The reason for the tax break for nonprofits is that nonprofits are meant to provide a “community benefit.”

When you apply for nonprofit status, the forms you have to fill out include making a case that the benefit you will provide (often expressed in your mission statement) is worth the state letting go of your potential tax revenue.

If you’re starting a homeless shelter, it’s pretty obvious that it is (“lessening the burden of government” is explicitly listed in the IRS guidelines for exempt purposes). But what about your small theater company? Your chamber ensemble? Your single-choreographer dance company? What are you explicitly doing to (more from the IRS language) relieve the poor and distressed, advance education, and combat community deterioration?

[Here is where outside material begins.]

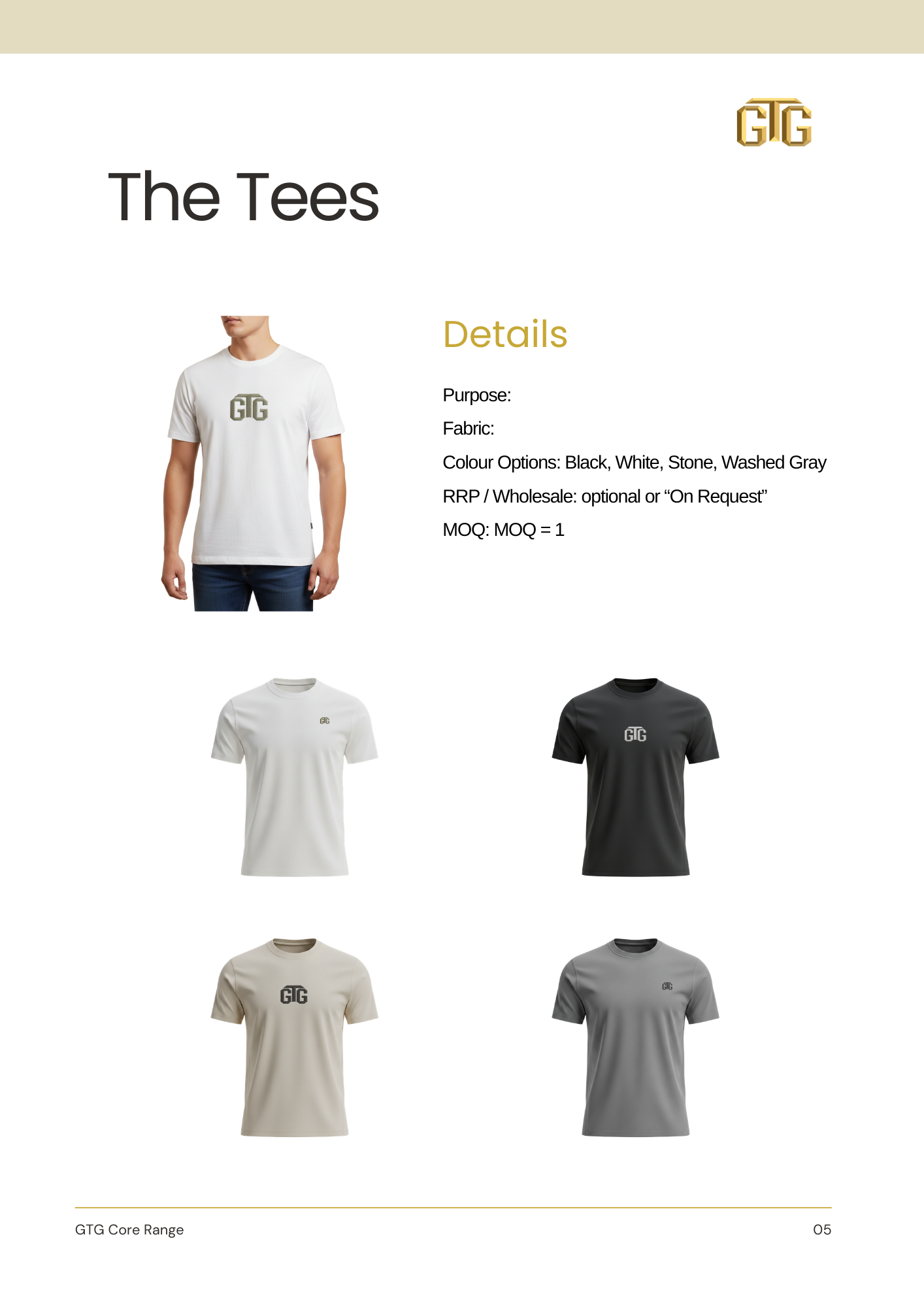 GTG Performance Tee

Does art in general help achieve these aims?

I would argue that it does. But does your specific group have those (or related) aims at the center of its mission? Or are they at best tangential or abstract goals, referred to only when applying for an educational grant?

We’ve heard this a lot recently, and we’re going to hear it more as the economy continues to flounder: if what your nonprofit arts organization is mainly doing is creating a product (art) for which you charge money (ticket sales) but those ticket sales don’t cover your costs, then perhaps you’re more like a struggling restaurant or a worthy independent bookstore that’s having trouble staying open than like a nonprofit in need of community support.

There are rumblings that the government is taking aim at the nonprofit status of large arts institutions with significant assets and at the tax-deductibility of donations to the arts. I think we should be concerned also about the nonprofit status of small groups whose efforts are focused primarily on art-making and who don’t have ancillary activities that fit more easily into the tax code’s definition of exempt purposes.

I’m doing some strategic planning work for a young theater company that’s in the process of incorporating as a 501(c)(3). We’ve been discussing the theory of community benefit and it’s not an idea that has come up for this group in their five-year producing history. Their goal, as with many small companies, has been to put on the plays they are interested in. Pressed to talk about what the gap would be if they disappeared, they talk about service to playwrights and other emerging artists, but are really only at the beginning of thinking of themselves as belonging to a community, or having an obligation to that community.

I think that the arts do provide a host of valuable community benefits, but service to our communities can’t happen by accident, or as an afterthought to our missions.

If we want to stay under the nonprofit umbrella, then we need to get better at framing our work in those terms, and at doing work that has visible, tangible community benefit.

And if that’s not the goal, then we should seek other structures that suit our activities better.